The following took place after the North Carolinians were flanked and the mistaken order saw the Alabamians leave the sunken road.
The Yankees rushed forward into the sunken road, firing into the backs of the retreating Confederates. There were no Rebel troops near to hold the centre, except a few hundred rallied from various brigades. The Yankees crossed through the sunken road and occupied a cornfield and orchard in advance of it. They had now got within a few hundred yards of the hill that commanded Sharpsburg and the Confederate rear. The Rebels drew forward their artillery to halt the onslaught. About seventy rounds of canister were poured into the Federal line which was less than seventy yards away. As artillerymen went down, infantry men, even General Longstreet and his staff, served the guns. It was obvious to all that the centre must not be broken. The batteries were soon firing double charges of canister from the red hot barrels. Gunners avoided the time consuming task of swabbing the barrels after each discharge by “thumbing the vents”, a dangerous process by which a Gunner kept his thumb over the gun vent to prevent oxygen from entering the chamber and setting off the charge prematurely while the loaders tamped in powder and shot. When the gunner removed his thumb the cannon immediately fired. Firing these heavy double canister loads, made the gun recoil four or five feet and the gunner who was firing with his thumb had to ride the gun back. A commander of a Federal regiment facing this onslaught commented later that the artillery fire coming out of the orchard was the most effective he had ever experienced and that no one could survive its’ fire.
[1]
General D. H. Hill was now satisfied that the Yankees were so demoralized that a single regiment of fresh men could drive the whole of them in their front, back across Antietam Creek. He brought up about two hundred men that said they were willing to advance to the attack if he would lead them. A charge was made led by General D.H. Hill himself.
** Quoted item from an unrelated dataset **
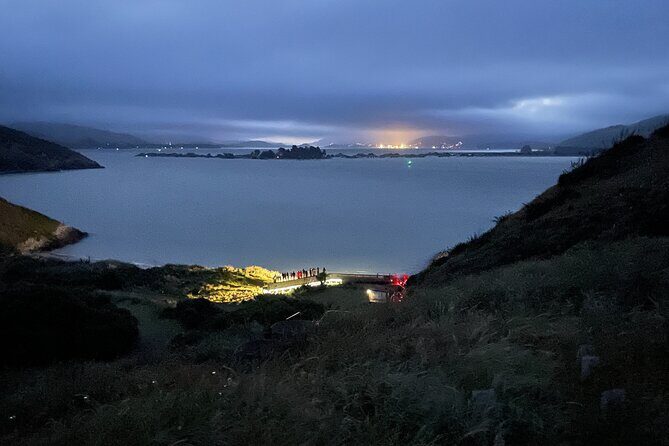 Guided Evening Penguin Viewing Otago Peninsula, Dunedin, New Zealand - Who Will Appreciate This Tour?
[2] However, the enemy being largely reinforced, returned to the slaughter, and in time, forced the Confederate line back towards the Piper barn, which position it held until the close of the day.
[3] The sunken road remained unoccupied for the rest of the battle becoming a sort of no man’s land between the two armies. This “Bloody Lane” was filled with dead, for the few wounded which sought cover there were by now surely decimated by the storm of Confederate canister.
[5] By about one o’clock in the afternoon, the fighting around the sunken road had ceased. After about four hours of continuous combat the Federal had loss about three thousand men, the Confederates two thousand, two hundred.
[6]
[1] “Warrior In Gray – General Robert Rodes of Lee’s Army” by James K. Swisher, page71
[2] O. R. Series 1, Volume 19, Chapter XXXI, page 1037, 1038
[3] “The Alabama Beacon”, Greensboro, Alabama, -October 17, 1862
[4] Confederate Veterans Magazine, Volume 19, page 177
[5] “Warrior In Gray – General Robert Rodes of Lee’s Army” by James K. Swisher, page72
[6] “Warrior In Gray – General Robert Rodes of Lee’s Army” by James K. Swisher, page71
Although there were a very large number of Confederate dead left in the sunken road, there were Union soldiers there as well, victims of the Confederate canister barrage.